# Tartine Wedding Cake Questions



## schroeder246 (Mar 9, 2010)

Hi everyone,

I'm thinking of having my wedding cake be a takeoff on Tartine's Lemon Meringue Cake for my wedding. I love love LOVE the look of the torched meringue, and was thinking of turning it into a s'mores cake (graham cracker flavored cake, dark chocolate fudge filling) since our wedding is in early fall. Here's a link to the recipe with pictures from a blog I follow:

http://www.crumblycookie.net/2009/08/09/lemon_meringue_cake/



Anyway, I have a few questions for those of you that have done wedding cakes:

Would this type of frosting (swiss meringue, according to the recipe) hold up well for a wedding cake?

Should I expect a cake maker to charge more, less, or about the same as a regular buttercream cake?
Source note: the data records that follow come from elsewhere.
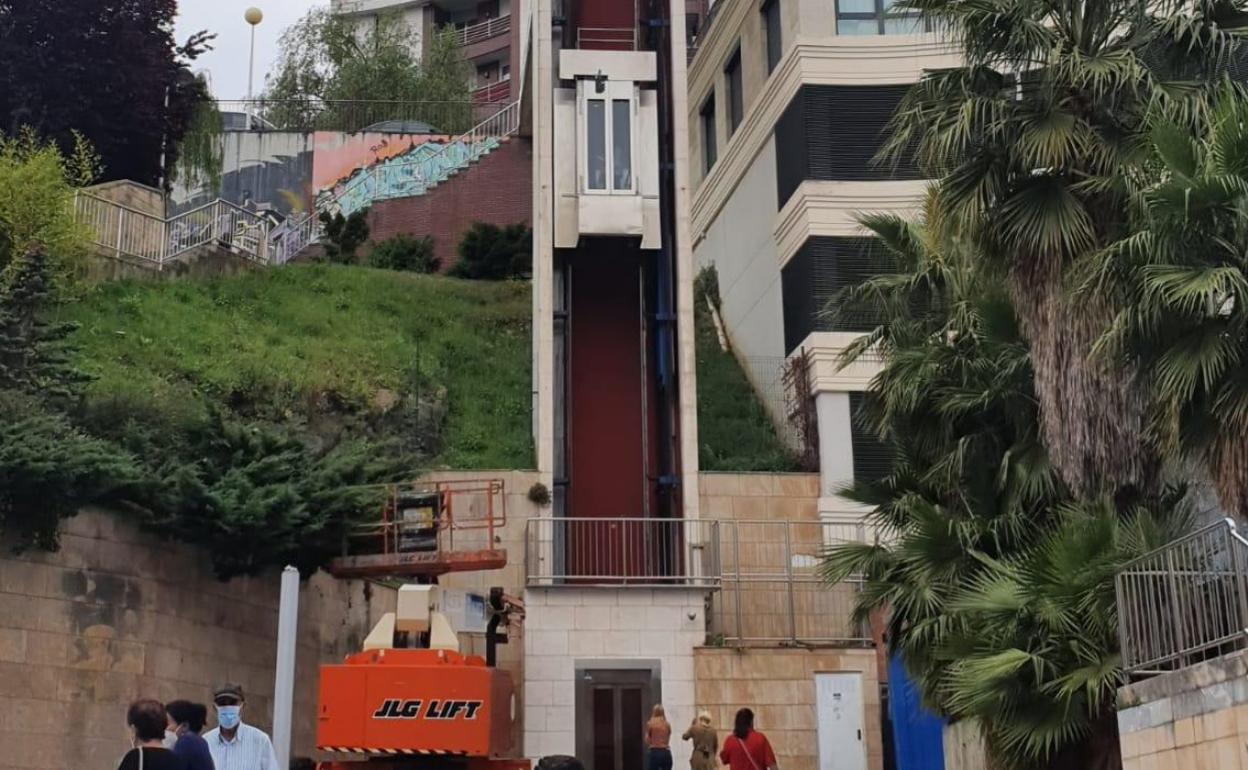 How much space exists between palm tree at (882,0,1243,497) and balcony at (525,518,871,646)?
894cm

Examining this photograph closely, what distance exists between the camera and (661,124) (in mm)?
28688

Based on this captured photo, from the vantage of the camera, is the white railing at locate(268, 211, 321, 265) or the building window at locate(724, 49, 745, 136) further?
the white railing at locate(268, 211, 321, 265)

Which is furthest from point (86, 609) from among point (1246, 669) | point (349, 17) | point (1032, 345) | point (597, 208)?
point (349, 17)

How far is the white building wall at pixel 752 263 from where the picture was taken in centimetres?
3384

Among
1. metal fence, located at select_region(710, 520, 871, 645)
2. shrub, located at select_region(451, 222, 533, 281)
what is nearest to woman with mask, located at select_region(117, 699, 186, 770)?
metal fence, located at select_region(710, 520, 871, 645)

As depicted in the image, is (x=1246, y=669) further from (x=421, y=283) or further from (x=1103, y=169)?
(x=421, y=283)

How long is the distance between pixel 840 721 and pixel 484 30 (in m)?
57.1

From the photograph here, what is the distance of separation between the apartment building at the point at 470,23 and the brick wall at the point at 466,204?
27.2m

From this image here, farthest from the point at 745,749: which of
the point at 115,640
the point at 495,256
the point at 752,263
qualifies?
the point at 495,256

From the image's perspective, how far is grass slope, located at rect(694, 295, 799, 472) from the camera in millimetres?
29859

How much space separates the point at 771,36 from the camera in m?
35.2

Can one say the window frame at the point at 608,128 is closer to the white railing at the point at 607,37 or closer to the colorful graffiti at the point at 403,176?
the white railing at the point at 607,37

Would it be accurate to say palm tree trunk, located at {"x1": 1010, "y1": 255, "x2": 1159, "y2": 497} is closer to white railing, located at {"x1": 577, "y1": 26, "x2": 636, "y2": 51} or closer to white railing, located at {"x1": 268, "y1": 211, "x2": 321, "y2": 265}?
white railing, located at {"x1": 577, "y1": 26, "x2": 636, "y2": 51}

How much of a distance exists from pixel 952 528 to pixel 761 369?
1557 cm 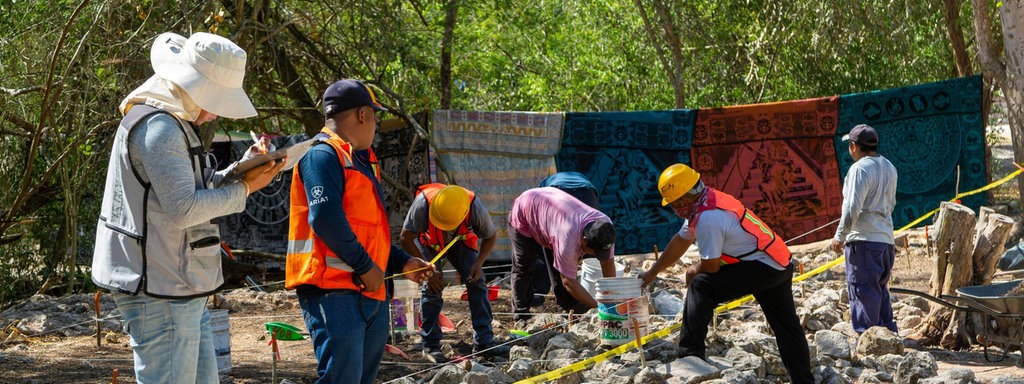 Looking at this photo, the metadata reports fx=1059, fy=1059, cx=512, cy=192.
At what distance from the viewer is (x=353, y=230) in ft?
13.1

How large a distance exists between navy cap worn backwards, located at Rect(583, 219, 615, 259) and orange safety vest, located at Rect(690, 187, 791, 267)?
3.59ft

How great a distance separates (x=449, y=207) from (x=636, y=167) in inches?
192

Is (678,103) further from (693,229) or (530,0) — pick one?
(693,229)

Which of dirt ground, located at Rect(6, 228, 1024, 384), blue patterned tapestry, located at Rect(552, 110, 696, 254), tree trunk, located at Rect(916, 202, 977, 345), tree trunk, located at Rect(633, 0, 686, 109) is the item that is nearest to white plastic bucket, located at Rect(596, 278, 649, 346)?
dirt ground, located at Rect(6, 228, 1024, 384)

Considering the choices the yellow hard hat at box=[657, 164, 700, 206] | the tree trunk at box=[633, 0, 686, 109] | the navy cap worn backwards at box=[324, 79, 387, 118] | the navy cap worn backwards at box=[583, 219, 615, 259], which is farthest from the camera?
the tree trunk at box=[633, 0, 686, 109]

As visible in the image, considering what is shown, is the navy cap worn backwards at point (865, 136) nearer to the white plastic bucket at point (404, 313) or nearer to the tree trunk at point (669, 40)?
the white plastic bucket at point (404, 313)

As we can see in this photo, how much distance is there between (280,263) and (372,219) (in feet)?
28.2

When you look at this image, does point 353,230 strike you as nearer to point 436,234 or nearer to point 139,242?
point 139,242

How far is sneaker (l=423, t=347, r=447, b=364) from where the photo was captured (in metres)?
7.09

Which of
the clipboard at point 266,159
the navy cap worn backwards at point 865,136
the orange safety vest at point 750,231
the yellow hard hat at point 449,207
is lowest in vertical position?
the orange safety vest at point 750,231

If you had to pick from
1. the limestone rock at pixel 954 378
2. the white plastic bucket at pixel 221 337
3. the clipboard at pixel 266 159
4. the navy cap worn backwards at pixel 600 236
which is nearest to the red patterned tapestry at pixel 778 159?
the navy cap worn backwards at pixel 600 236

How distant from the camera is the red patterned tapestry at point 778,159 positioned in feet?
38.1

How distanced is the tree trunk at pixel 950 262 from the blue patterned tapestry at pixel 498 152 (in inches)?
182

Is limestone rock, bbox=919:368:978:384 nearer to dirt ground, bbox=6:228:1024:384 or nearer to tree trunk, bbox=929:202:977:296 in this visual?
dirt ground, bbox=6:228:1024:384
Is there anything I can get added to the meringue to make it taste more marshmallow-y?

Thanks in advance!

Meghan


----------



## dillonsmimi (Dec 2, 2009)

The only problem I can see is if you want to stack your layers. Just wouldn't look right IMO.  Maybe a lovely swan shaped stand would be pretty and display your confection to it's best advantage. As for pricing....I consider all meringue frostings to be special and charge a bit more to cover the extra eggs and work. About the spoilage factor... think of a lemon meringue pie. It "sweats" in the fridge and will go off quickly in hot weather. Other than the "poison your guests" potential, this is a beautiful treatment and one of my faves for winter weddings.


----------